It goes almost without saying that the show never delves into the true reason "Sex" was such a masterpiece - that it was a rich, intelligent insightful satire of modern relationships regardless of the gender of the participants. I don't expect any show to do that in the near future. "Big Shot" feels like a reaction to "Sex" from someone who never actually watched the show, only the simplified media hype around it. Feldman grabs Michael Patrick King's cliff-notes and runs out the back door.
Feldman sidesteps any realistic male perspective on relationships to drop us into a guilty pleasure fantasy world of high-powered CEOs. It's a fun guilty pleasure fantasy world - one centered around four friends who are constantly mired in scandal, offered improbably casual sex and held down by their wives and exes. Let's call a spade a spade. Feldman gets around traditional male clichés and any social commentary by fully embracing modern emasculation. "Men. We're the new women" says Duncan Collingsworth (Dylan McDermot, "The Practice") and while he isn't quite saying it while getting a metrosexual pedicure, the seed is planted or a satirical nugget that the show has no interest in exploring. These guys don't mind being a little feminized, a little needy - as long as they can still play with their toys.

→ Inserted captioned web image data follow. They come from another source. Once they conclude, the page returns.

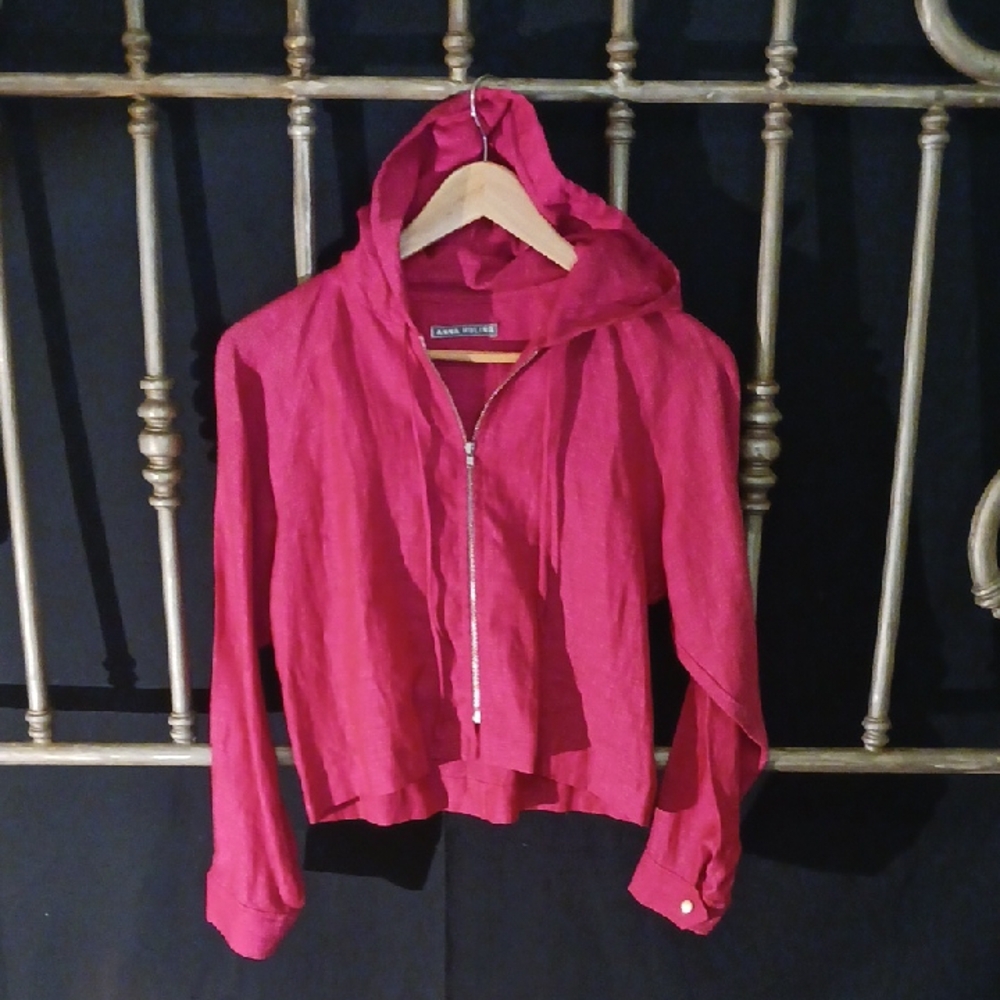 Anna Huling Fuschia Linen Hoody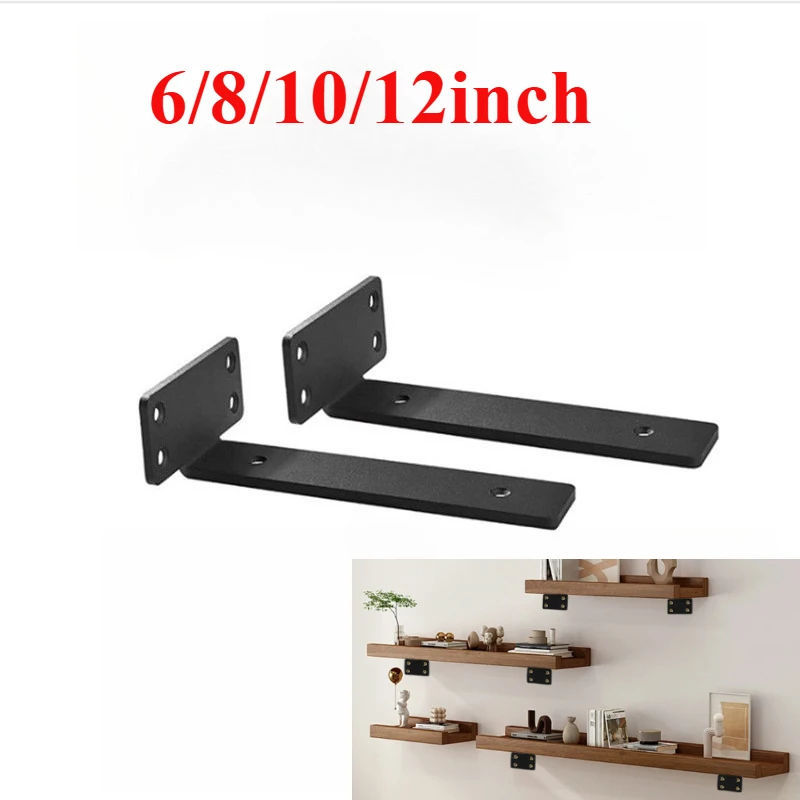 2PCS Floating Shelf Brackets Carbon Steel Wall Mount Invisible T Shelves Brackets for Bathroom and Kitchen Storage Support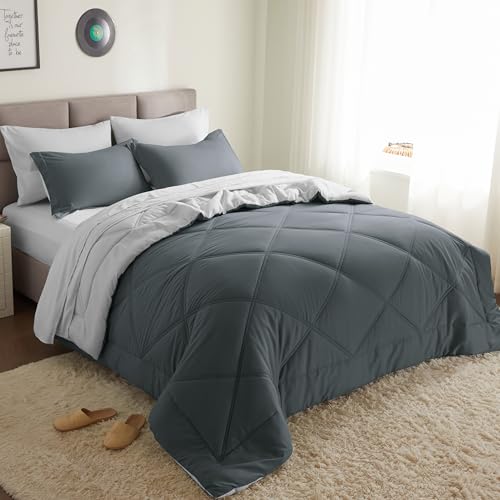 Joiedomi King Size Comforter Set with Sheets Dark Grey, 7 Pieces King Bedding Set with 1 Down Alternative Comforter, 1 Flat Sheet, 1 Fitted Sheet, 2 Pillowcases and 2 Pillow Shams, Bed in a Bag Joiedomi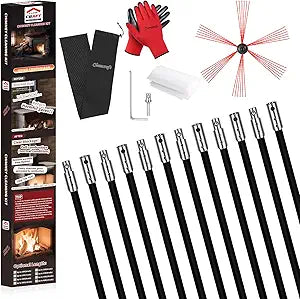 39 Feet Chimney Sweep Kit, Chimney Cleaning Kit with 12 Flexible Black Chimney Rods, Chimney Brush for Sweeping Fireplace, Rotary Chimney Cleaning System Driven by Drill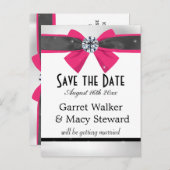 Klassieke zwarte & witte draperie met magenta bow aankondigingskaart (Voorkant / Achterkant)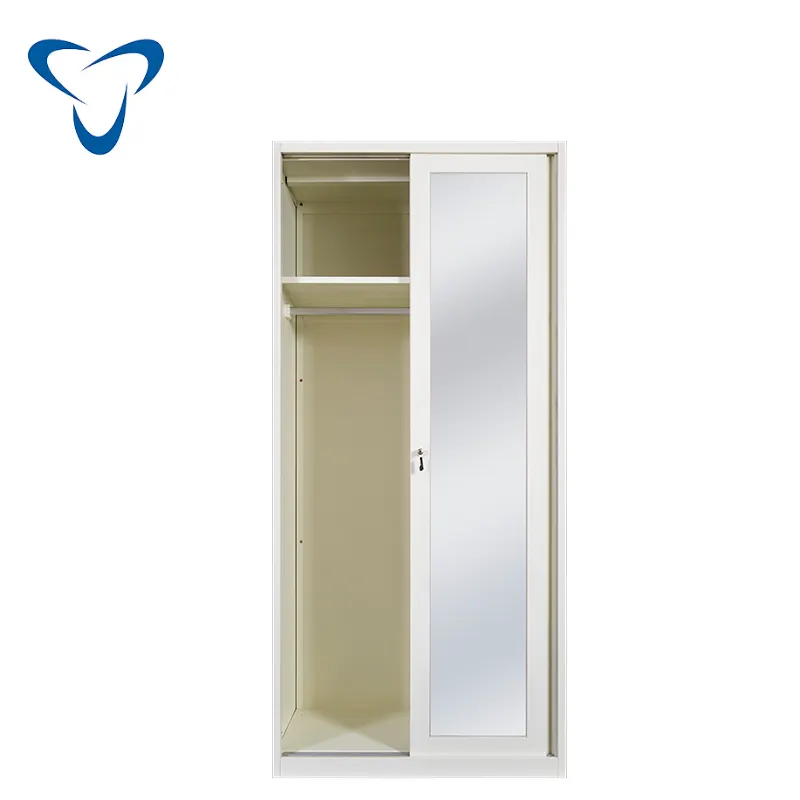 Metal Home Furniture 2 Sliding Doors Bedroom Steel Wardrobe Shoe Cabinet Kids Children Clothes Cupboard almari besi House Closet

Speaking of the guys, the cast is quite good. Notably, Christopher Titus who makes a welcome return to TV 5 years after his own sitcom got a premature heave-ho. It's not a huge stretch for the comedian to play "the funny one" in the group, but he takes his usual ticks and tailors it (or restrains it) to suit this show and this character beautifully. In a performance that gives the show it's most character, he plays the rarest of TV oddities: the happily married guy. There is also Michael Vartan's ("Alias") character who is cheated on by his wife only to fall for a long-time colleague (smoking hot Nia Long). Then there is Joshua Milana ("Sports Night") an odd-man-out who cheats on his wife with Jessica Collins only to have the two meet and become best friends. McDermot has got the most melodramatic story lines of all. An ex wife marrying his corporate competition (Paul Blackthorne, in his one thousandth villain appearance since "24"), a belligerent daughter working for him, a boy who shows up claiming to be his estranged son and a rendezvous with a prostitute who turns out to be a pre-op transvestite.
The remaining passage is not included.